# Kurze Brandungsrute



## welsman (9. Januar 2011)

Hallo,
Ich fahre im April in die Bretagne nach Saint Cast.Nur leider ist im Auto nicht viel Platz und ich brauche deswegen eine Brandungsrute die man möglichts klein machen kann,damit ich dort auch angeln kann.Evt. kann mir ja einer von euch helfen und mir vllt noch Tips für das Angeln in der Bretagne geben,weil ich mich mit Brandungsangeln im Allgemeinen sowieso nicht auskenne,das ist sozusagen mein erstes mal da :l
Schönen Sonntag noch,
Welsman


----------



## Wiederanfänger (9. Januar 2011)

*AW: Kurze Brandungsrute*

Hallo Welsman,

ist 119cm kurz genug?

http://www.brandungsangelshop.de/sh...elesurf-BX-420.html?shop_param=cid=4&aid=443&

Ich denke, du kommst an Teleskopruten nicht vorbei.

Da gibt es einige.

Ob die gut oder schlecht sind, kann ich nicht beurteilen.

In der Angeldomane haben die schon lange die Overseas Surfcasting im Angebot.
http://www.shop.angel-domaene.de/product_info.php/info/p4253_Overseas-T-Surfcasting-Serie.html

Die geht zwar dort nur bis max. 160g Wurfgewicht, aber interessiert hat mich die Rute auch schon.

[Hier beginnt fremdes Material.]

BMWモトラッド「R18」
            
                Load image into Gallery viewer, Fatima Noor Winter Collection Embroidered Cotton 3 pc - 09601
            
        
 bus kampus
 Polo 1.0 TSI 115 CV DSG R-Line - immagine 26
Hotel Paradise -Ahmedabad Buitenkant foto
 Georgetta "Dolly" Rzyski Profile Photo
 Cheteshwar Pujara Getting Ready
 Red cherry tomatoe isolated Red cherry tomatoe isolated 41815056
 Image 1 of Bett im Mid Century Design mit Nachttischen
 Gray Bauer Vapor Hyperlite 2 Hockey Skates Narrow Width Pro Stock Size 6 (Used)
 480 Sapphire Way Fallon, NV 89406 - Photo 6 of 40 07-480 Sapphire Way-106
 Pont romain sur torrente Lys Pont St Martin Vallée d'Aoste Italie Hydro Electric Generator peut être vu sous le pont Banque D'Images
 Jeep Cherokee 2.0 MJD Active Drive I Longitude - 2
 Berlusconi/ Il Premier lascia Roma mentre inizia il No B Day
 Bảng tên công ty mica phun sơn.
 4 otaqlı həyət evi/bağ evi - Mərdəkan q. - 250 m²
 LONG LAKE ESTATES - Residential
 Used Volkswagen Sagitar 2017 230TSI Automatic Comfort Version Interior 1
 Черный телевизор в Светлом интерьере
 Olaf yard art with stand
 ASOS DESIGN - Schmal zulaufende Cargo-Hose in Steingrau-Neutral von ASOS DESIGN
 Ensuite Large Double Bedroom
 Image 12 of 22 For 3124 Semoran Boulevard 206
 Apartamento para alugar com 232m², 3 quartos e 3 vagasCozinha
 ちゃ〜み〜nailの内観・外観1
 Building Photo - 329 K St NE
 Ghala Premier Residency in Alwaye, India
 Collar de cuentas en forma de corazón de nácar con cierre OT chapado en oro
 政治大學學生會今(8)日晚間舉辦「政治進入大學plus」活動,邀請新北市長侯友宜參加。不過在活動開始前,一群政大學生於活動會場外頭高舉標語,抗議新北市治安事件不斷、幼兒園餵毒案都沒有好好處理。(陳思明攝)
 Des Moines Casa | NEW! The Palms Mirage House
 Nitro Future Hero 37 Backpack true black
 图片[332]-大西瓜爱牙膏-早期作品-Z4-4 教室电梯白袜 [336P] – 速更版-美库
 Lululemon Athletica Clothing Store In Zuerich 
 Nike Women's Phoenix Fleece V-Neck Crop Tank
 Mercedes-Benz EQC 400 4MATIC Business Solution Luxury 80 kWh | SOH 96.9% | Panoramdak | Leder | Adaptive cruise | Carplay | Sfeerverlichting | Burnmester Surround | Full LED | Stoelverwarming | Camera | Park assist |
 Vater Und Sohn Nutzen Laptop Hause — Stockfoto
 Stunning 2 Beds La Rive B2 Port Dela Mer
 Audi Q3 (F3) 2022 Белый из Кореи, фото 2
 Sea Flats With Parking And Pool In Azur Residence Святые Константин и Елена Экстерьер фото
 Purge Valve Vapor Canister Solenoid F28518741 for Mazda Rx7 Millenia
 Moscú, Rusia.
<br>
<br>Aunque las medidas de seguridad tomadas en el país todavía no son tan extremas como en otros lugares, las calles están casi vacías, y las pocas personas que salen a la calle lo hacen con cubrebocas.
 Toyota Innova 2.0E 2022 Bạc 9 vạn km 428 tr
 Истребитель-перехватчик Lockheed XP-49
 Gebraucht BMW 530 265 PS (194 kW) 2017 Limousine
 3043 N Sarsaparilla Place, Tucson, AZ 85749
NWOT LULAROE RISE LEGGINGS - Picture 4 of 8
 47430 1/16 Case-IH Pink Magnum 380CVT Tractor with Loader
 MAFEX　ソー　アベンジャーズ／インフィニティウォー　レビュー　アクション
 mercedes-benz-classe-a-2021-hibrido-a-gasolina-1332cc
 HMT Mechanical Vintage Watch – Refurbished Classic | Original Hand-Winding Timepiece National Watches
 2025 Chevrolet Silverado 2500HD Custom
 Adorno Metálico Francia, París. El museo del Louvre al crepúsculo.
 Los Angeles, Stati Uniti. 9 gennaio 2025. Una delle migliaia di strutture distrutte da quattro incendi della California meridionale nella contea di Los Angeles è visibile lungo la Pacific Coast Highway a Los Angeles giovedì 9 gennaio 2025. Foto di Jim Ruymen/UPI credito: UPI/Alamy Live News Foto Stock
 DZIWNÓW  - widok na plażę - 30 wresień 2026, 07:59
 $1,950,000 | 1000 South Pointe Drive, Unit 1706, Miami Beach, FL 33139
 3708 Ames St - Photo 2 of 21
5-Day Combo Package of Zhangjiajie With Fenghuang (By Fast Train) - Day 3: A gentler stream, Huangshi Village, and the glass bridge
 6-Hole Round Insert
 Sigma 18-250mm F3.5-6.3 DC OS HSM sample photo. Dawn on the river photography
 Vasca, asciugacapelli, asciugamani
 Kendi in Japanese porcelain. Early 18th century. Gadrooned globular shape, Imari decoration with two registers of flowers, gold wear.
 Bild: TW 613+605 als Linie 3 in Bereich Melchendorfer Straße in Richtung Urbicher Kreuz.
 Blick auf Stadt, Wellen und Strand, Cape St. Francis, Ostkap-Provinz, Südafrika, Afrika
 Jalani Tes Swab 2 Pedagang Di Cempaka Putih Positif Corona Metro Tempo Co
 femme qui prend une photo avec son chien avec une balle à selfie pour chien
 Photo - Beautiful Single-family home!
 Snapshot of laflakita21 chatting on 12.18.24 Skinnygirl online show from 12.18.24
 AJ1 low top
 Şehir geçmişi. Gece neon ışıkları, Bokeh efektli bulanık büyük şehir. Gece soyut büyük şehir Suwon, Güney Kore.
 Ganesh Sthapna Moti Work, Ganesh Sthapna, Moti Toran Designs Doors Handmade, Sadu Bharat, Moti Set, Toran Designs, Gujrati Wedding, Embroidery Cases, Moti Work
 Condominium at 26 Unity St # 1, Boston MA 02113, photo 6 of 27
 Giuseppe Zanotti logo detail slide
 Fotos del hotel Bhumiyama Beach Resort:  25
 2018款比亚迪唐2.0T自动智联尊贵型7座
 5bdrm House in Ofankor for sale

Da könnte man sic eine schöne kurze Tasche für Brandungsangeln machen.

Ich hoffe, du findest was, das zum Urlaub passt.

Gruß.

Wiederanfänger.


----------



## welsman (9. Januar 2011)

*AW: Kurze Brandungsrute*

Hallo Wiederanfänger,
danke schonmal für deine Hilfe,119 sind schonmal gut aber kürzer wäre natürlich besser.Kennst du auch noch günstigere Brandungsruten?Weil ich gehe dann wenns hoch kommt höchstens 1 mal im Jahr Brandungsangeln und dann brauche ich ja denke ich nicht soooo teuere Ruten weil ich mein Geld lieber in meine Raubfischsachen stecke.
Mfg. Felix


----------



## petripohl (9. Januar 2011)

*AW: Kurze Brandungsrute*

Moin Moin,
meiner Meinung nach gibt es inzwischen Reiseruten ca. 7 Teilig von mehreren Herstellern in allen möglichen Preisklassen. Sicher bin ich mir bei Grauvell und Shimano - wird aber noch mehr Hersteller geben. Erfahrungen habe ich leider keine.
Gruß Malte


----------



## Wiederanfänger (9. Januar 2011)

*AW: Kurze Brandungsrute*

Hallo Felix,

bei E...
 sind zur Zeit 13 Ruten, bzw. Rute mit Rolle ab 24EUR zu bekommen. Suche nach Brandungsrute und dann nach Tele.

Vielleicht ist da was für dich dabei.

Ich habe aus einem Spontankauf hier noch 2 St. Mitchel rumliegen.

Die machen erhlich gesagt nicht den Eindruck, das ich damit x hundert km fahren möchte um zu angeln.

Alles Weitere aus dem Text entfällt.